By the end of the century, three-quarters of the human population will be exposed to potentially lethal heat for a significant period each year if carbon emissions aren't greatly reduced.
Even if significant cuts in carbon emissions are made, deaths from extreme heat will still rise to about half of the world's population, finds a study published in Nature Climate Change. At the moment, 30% of the population is exposed to potentially lethal heat for 20 days a year or more.
The threshold for a lethal heatwave was measured by both the air temperature and the humidity. The more humid it is, the more lethal heat is – so a warm but very humid day could be as dangerous as a hot but very dry day.
The study looked at research between 1980 and 2014 on deaths associated with heatwaves. They analysed a total of 783 cases of excessive death that hit 164 cities in 36 countries.
The Paris heatwave of 2003 was the most deadly in the 34 years studied, the authors found, followed by Moscow's 2010 heatwave, each leading to many thousands of deaths. These were just two of hundreds of killer heatwaves, but the fine-scale data in many countries worldwide is lacking.
"There are multiple ways to die during a heatwave. One of them is call heat cytotoxity, in which hot temperatures damage several vital organs. Think of it as a sunburn inside you," study author Camilo Mora of the University of Hawai'i at Manoa told IBTimes UK.
"Of course, the heart works hard sending blood to the skin to cool down, and thus for many people with heart problems or the elderly, their hearts just give up on them. Dehydration is a compounding factor that makes the blood thicker, making it more difficult for the heart to work harder, among other things."
Climate change is due to increase deadly heat in the tropics and urban centres the most, leading to the greatest increase in heat-related deaths in these areas, said Mora.
"The problem for the tropics is that they are already hot and in many places humid. The problem with humidity is that is makes lower temperatures lethal," Mora said.
"In urban centres, climate change adds to the heat island effect, which heats up cities by a few extra degrees."
If anything, the study could well be a conservative estimate of how many people will die due to extreme heat, said climatologist Tom Matthews of Liverpool John Moores University, who was not involved in the study. In many countries, particularly low-income equatorial countries in South America and Africa, there just isn't the data to see how many people die of heat stress each year.
"We still don't really know what's going on in those locations," said Matthews. "That's not a limitation of the study, it's done the best of what's out there. But there's still a lack of knowledge on how heat affects human health at lower latitudes."
The picture is complicated by the fact that people in lower-latitude countries may well be better able to adapt to higher temperatures due to physiological acclimatisation and behavioural adaptation.
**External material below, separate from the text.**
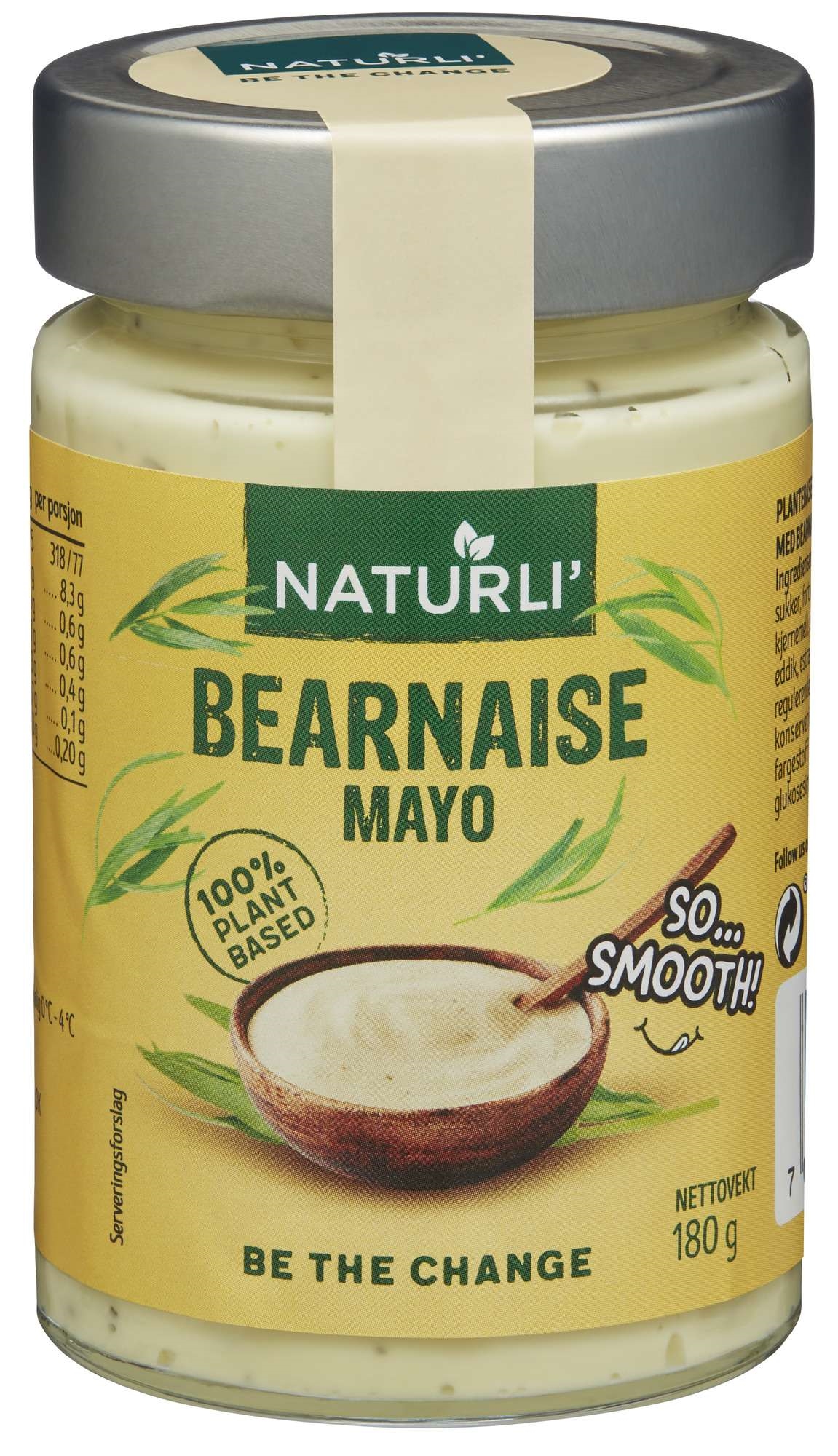 Naturli bearnaise 180g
But lacking the data on the health impacts of heat, we just don't know the full scale of the problem now or how climate change could make it worse.
"Even if we 'successfully' mitigate climate change, and do follow a strong policy of reducing greenhouse gases here on, we should still expect to see a substantial increase in heat stress worldwide," Matthews said.
"Essentially, as a global society we need to prepare for more heat stress, irrespective of how well we manage to slow the rate at which that global temperatures rise."